9.- Quanto all’ambito di applicazione della L. n. 300 del 1970, art. 6, questa Corte ha avuto modo di precisare (cfr. Cass. n. 1461/88) che l’art. 6 cit. – nel prevedere i casi in cui sono consentite, ai fini della tutela del patrimonio aziendale, le visite personali di controllo sul lavoratore – riguarda unicamente le ispezioni corporali, ma non anche quelle sulle cose del lavoratore, atteso che la norma citata – da interpretarsi letteralmente – contempla solo la “visita personale”, che nell’ordinamento processuale sia civile (art. 118 c.p.c.) che penale (artt. 244-246 c.p.p.) è tenuta distinta dall’ispezione di cose e luoghi.

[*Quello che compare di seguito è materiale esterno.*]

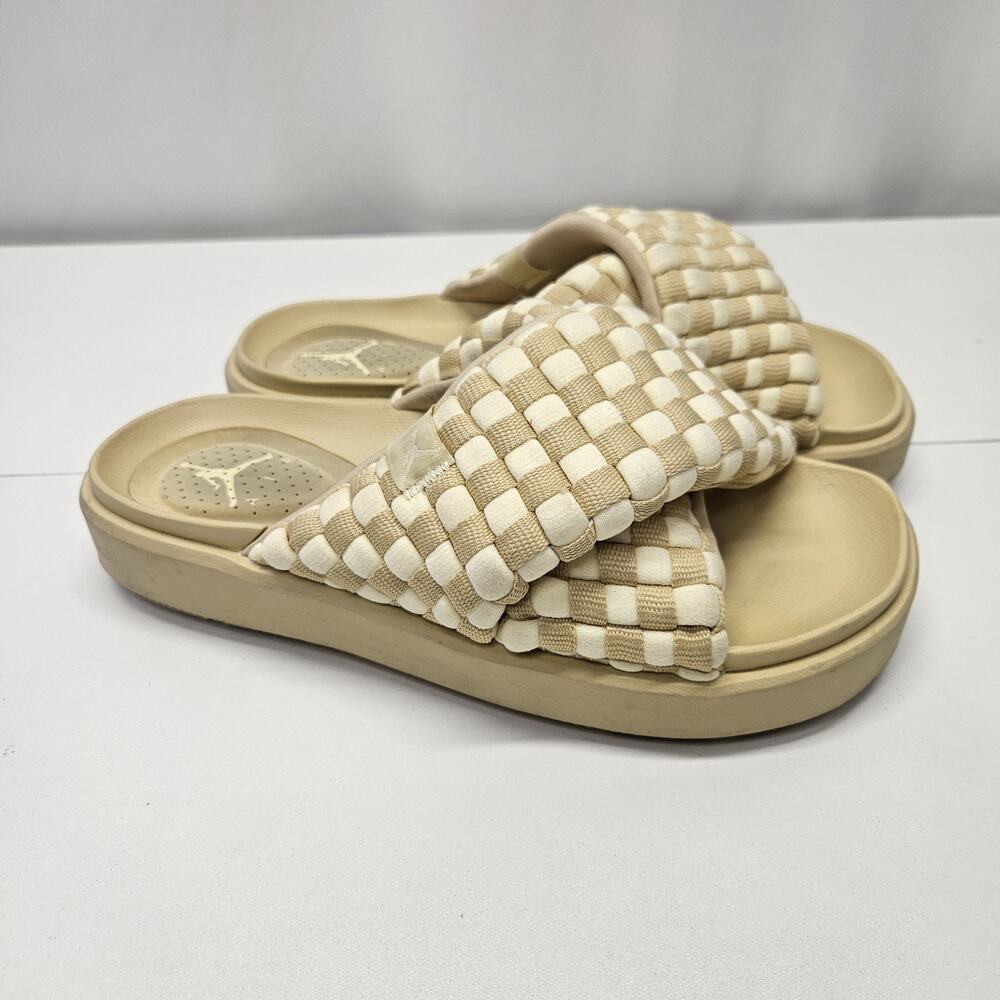 Nike Air Jordan Sophia Gold Checkerboard Womens Slide Sz 9 DO8863 701 RARE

10.- Alla luce dei principi di diritto enunciati, la sentenza impugnata – che ha affermato la legittimità del ricorso all’attività di investigatori privati qualora il controllo riguardi, come nella specie, atti illeciti commessi dal dipendente che non siano riconducibili al mero inadempimento dell’obbligazione lavorativa, evidenziando anche come la verifica del contenuto dell’autovettura del lavoratore sia avvenuta fuori dei locali aziendali, peraltro ad opera dei Carabinieri appositamente accorsi sul luogo – non merita le censure che le sono state mosse con il secondo motivo di ricorso.
11- Parimenti infondato è il terzo motivo del ricorso principale, che investe l’accertamento dei fatti addebitati al lavoratore ed il giudizio di gravità e di proporzionalità dei fatti medesimi in rapporto alla sanzione irrogata.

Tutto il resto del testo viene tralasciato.